И тогда — вот диво-то дивное! — вместо того, чтобы крикнуть тревогу и прибавить к добыче ещё и полонянку, Резоуст лишь приложил палец к губам, а потом жестами объяснил замершей девке, что готов уйти от ватажников вместе с нею и Твердолюбом.

Зачем, почему, какая Резоусту была в том корысть — Бажана так и не спросила. Просто изо всех сил сгибалась над вёслами, вместе с нежданным союзником увозя от врагов беспомощного жениха. Они не потратили времени даже на то, чтобы его развязать, всё равно толку с Тверда было бы нынче немного. Теперь Бажана сидела к нему спиной, на корме, гребла во весь дух и, не оглядываясь, повторяла, как заклинание:

— Ты потерпи… Всё будет хорошо…

Жердь не давала Твердолюбу приподняться и выглянуть через борт, но, судя по журчанию и толчкам речных струй, лодка успела удалиться от берега почти на перестрел и скоро должна была отдаться стремнине. В это время — гораздо скорей, чем хотелось бы беглецам, — сзади поднялся шум, над тихой водой полетели угрозы и бешеная ругань, а ещё через некоторое время за кормой стали шлёпаться стрелы. Резоуст с Росомашкой, у которых и так, кажется, гнулись вёсла в руках, ещё удвоили усилия, поперхнувшаяся Бажана умолкла, перестав уговаривать Твёрда чуть-чуть потерпеть, но стрелы падали всё дальше, и вот лодку подхватила быстрина, и добрая Светынь понесла своих детей на ладони прочь от врагов.

Тогда Бажана медленно разжала руки на вёслах и обернулась к Твердолюбу, и тот увидел, что заставило её замолчать. Считалось, что сольвеннские луки уступали веннским по силе и точности боя, но, видно, кто-то из ватажников дальше других пробежал по левобережному мелководью. Или просто оказался более искусным стрельцом. В груди у Бажаны торчала стрела, ударившая уже на излете, но много ли надо беззащитному девичьему телу? Изо рта Росомашки толчками выходила ярко-алая кровь и сбегала по подбородку и шее.

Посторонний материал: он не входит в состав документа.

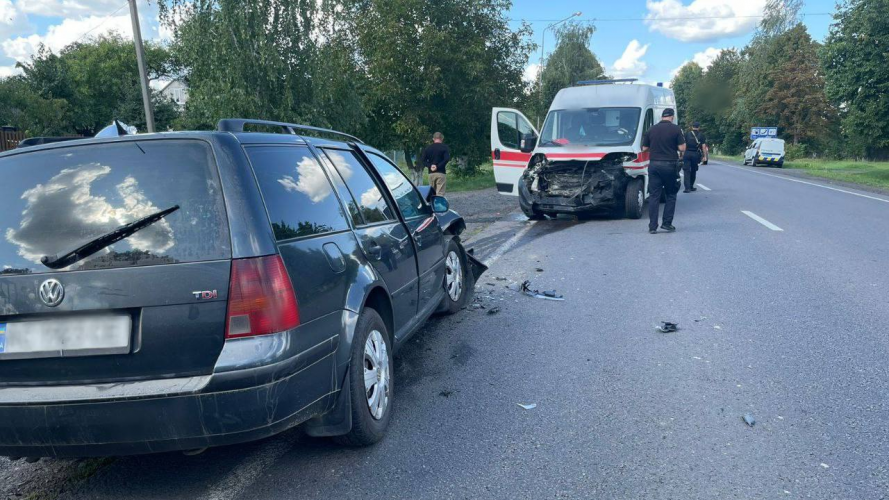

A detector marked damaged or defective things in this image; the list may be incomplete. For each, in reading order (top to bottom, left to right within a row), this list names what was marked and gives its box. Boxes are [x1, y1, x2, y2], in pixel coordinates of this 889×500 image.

damaged car front end [520, 150, 640, 217]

«Любый мой…» — одними глазами сказала Бажана. Ободряюще улыбнулась и стала тихо валиться прямо на ноги отчаянно забившемуся Твердолюбу…

 

…Большую лодку наполнили сухим хворостом так, что она осела в воде. Твердолюб уложил Бажану на самом верху, и отнятое у Серых Псов стало ей ложем и милодарами, а драгоценный наряд водительницы рода — уютным покрывалом. К корме берестяной лодочки привязали верёвку, и двое мужчин, взявшись за вёсла, повели оба судёнышка прочь от берега. Работали в удивительном согласии, так, словно давно знали друг друга. Потом Твердолюб высек живого огня, раздул факел, бросил его на хворост и перерезал верёвку.

— Куда теперь думаешь? — спросил Резоуст, когда далеко на реке распался погребальный костёр, и ветер понёс оторвавшийся дымный хвост, а всё, что не догорело, мать Светынь упокоила в своём лоне.

«Если бы Бажана сразу бросила грести, может, рана и не оказалась бы смертельной, — думал, в это время Твердолюб. — Но она продолжала меня спасать, и наконечник всё резал тело, пока не коснулся боевой жилы…»

Вслух он сказал:

— Пойду мстить Людоеду.

Странное дело, он не заплакал ни над Бажаной, ни теперь, когда всё принадлежавшее ей ушло из этого мира. Душевное онемение не покинуло его, даже когда рядом раздался смех Резоуста. Твёрд лишь медленно повернул голову.

— Какому Людоеду? — отсмеявшись, горестно спросил Резоуст. — Ты его вблизи-то видел ли?.. Так от него одного вся эта ватага, как цыплята от ястреба, разбежалась бы. Да какое от него, от самого распоследнего комеса. А ты с одним Косорылом как следует справиться не мог. Да сегваны тебя…

«Ну да, Косорыл. А ещё — рыжий Бобыня, плешивый Голсана, хитрый Лисутка, плюгавый Меньшак.